Recurrent pre-leukemic deletions in myeloid malignancies are the result of DNA double-strand breaks followed by microhomology-mediated end joining

The mechanisms underlying myeloid malignancies deletions are not well understood, nor is it clear why specific genomic hotspots are predisposed to particular deletions. In the current study we inspected the genomic regions around recurrent deletions in myeloid malignancies, and identified microhomology-mediated end-joining (MMEJ) signatures in recurrent deletions in CALR, ASXL1 and SRSF2 loci. Since MMEJ deletions are the result of DNA double-strand breaks (DSBs), we introduced CRISPR Cas9 DSBs into exon 12 of ASXL1, successfully generating recurrent ASXL1 deletion in human hematopoietic stem and progenitor cells (HSPCs).

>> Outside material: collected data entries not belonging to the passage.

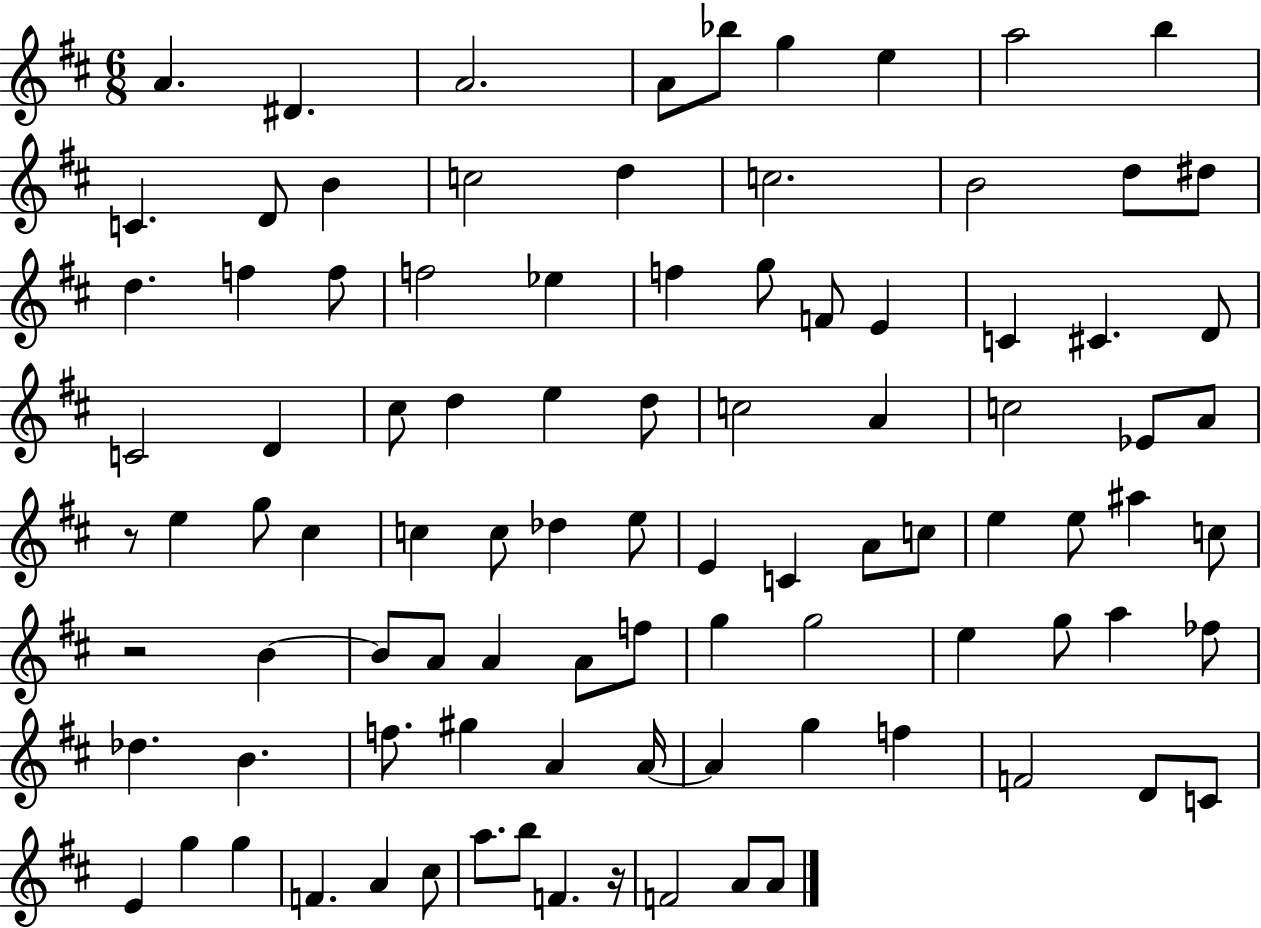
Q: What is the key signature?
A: D major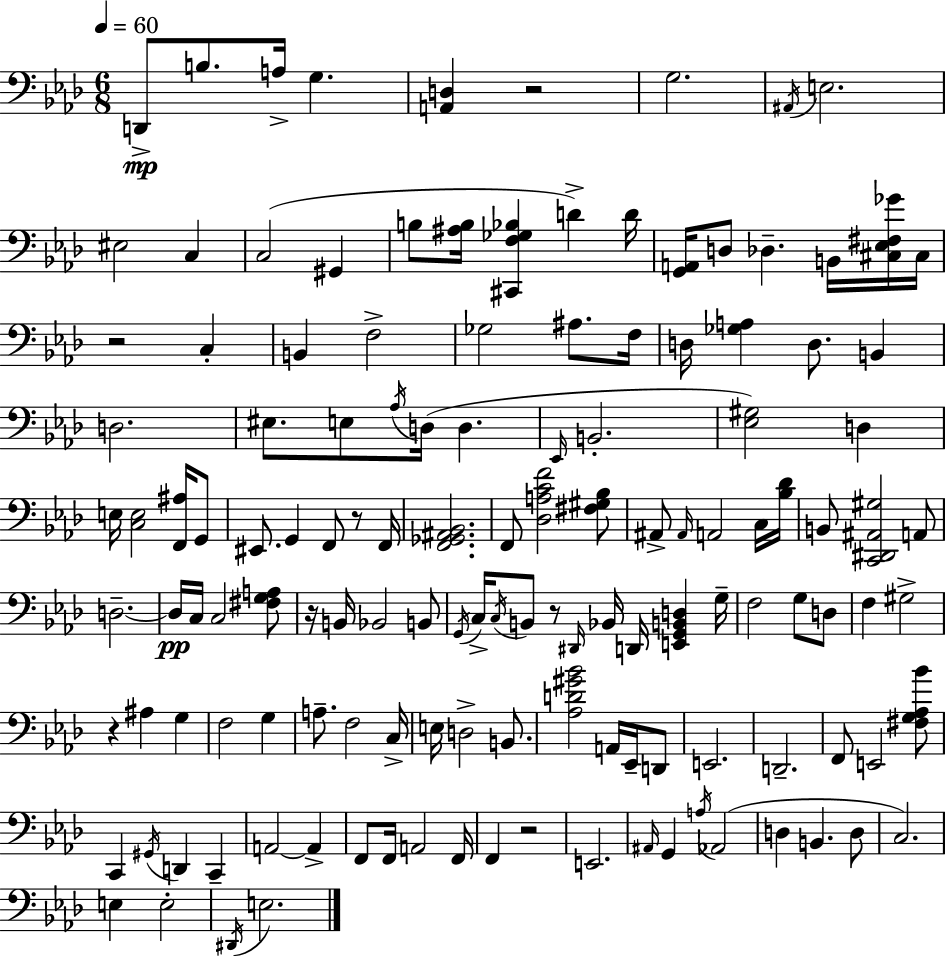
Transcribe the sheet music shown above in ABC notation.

X:1
T:Untitled
M:6/8
L:1/4
K:Ab
D,,/2 B,/2 A,/4 G, [A,,D,] z2 G,2 ^A,,/4 E,2 ^E,2 C, C,2 ^G,, B,/2 [^A,B,]/4 [^C,,F,_G,_B,] D D/4 [G,,A,,]/4 D,/2 _D, B,,/4 [^C,_E,^F,_G]/4 ^C,/4 z2 C, B,, F,2 _G,2 ^A,/2 F,/4 D,/4 [_G,A,] D,/2 B,, D,2 ^E,/2 E,/2 _A,/4 D,/4 D, _E,,/4 B,,2 [_E,^G,]2 D, E,/4 [C,E,]2 [F,,^A,]/4 G,,/2 ^E,,/2 G,, F,,/2 z/2 F,,/4 [F,,_G,,^A,,_B,,]2 F,,/2 [_D,A,CF]2 [^F,^G,_B,]/2 ^A,,/2 ^A,,/4 A,,2 C,/4 [_B,_D]/4 B,,/2 [C,,^D,,^A,,^G,]2 A,,/2 D,2 D,/4 C,/4 C,2 [^F,G,A,]/2 z/4 B,,/4 _B,,2 B,,/2 G,,/4 C,/4 C,/4 B,,/2 z/2 ^D,,/4 _B,,/4 D,,/4 [E,,G,,B,,D,] G,/4 F,2 G,/2 D,/2 F, ^G,2 z ^A, G, F,2 G, A,/2 F,2 C,/4 E,/4 D,2 B,,/2 [_A,D^G_B]2 A,,/4 _E,,/4 D,,/2 E,,2 D,,2 F,,/2 E,,2 [^F,G,_A,_B]/2 C,, ^G,,/4 D,, C,, A,,2 A,, F,,/2 F,,/4 A,,2 F,,/4 F,, z2 E,,2 ^A,,/4 G,, A,/4 _A,,2 D, B,, D,/2 C,2 E, E,2 ^D,,/4 E,2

A systematic search of COSMIC dataset for MMEJ deletions in all cancers revealed that recurrent deletions enrich myeloid malignancies. Despite this myeloid predominance, we provide evidence that MMEJ deletions occur in multipotent HSCs. An analysis of DNA repair pathway gene expression in single human adult bone marrow HSPCs could not identify a subpopulation of multipotent HSPCs with increased MMEJ expression, however exposed differences between myeloid and lymphoid biased progenitors. Our data indicate an association between MMEJ-repaired DSBs and recurrent MMEJ deletions in human HSCs and in myeloid leukemia. A better understanding of the source of these DSBs and the regulation of the HSC MMEJ repair pathway might aid with preventing recurrent deletions in human pre-leukemia.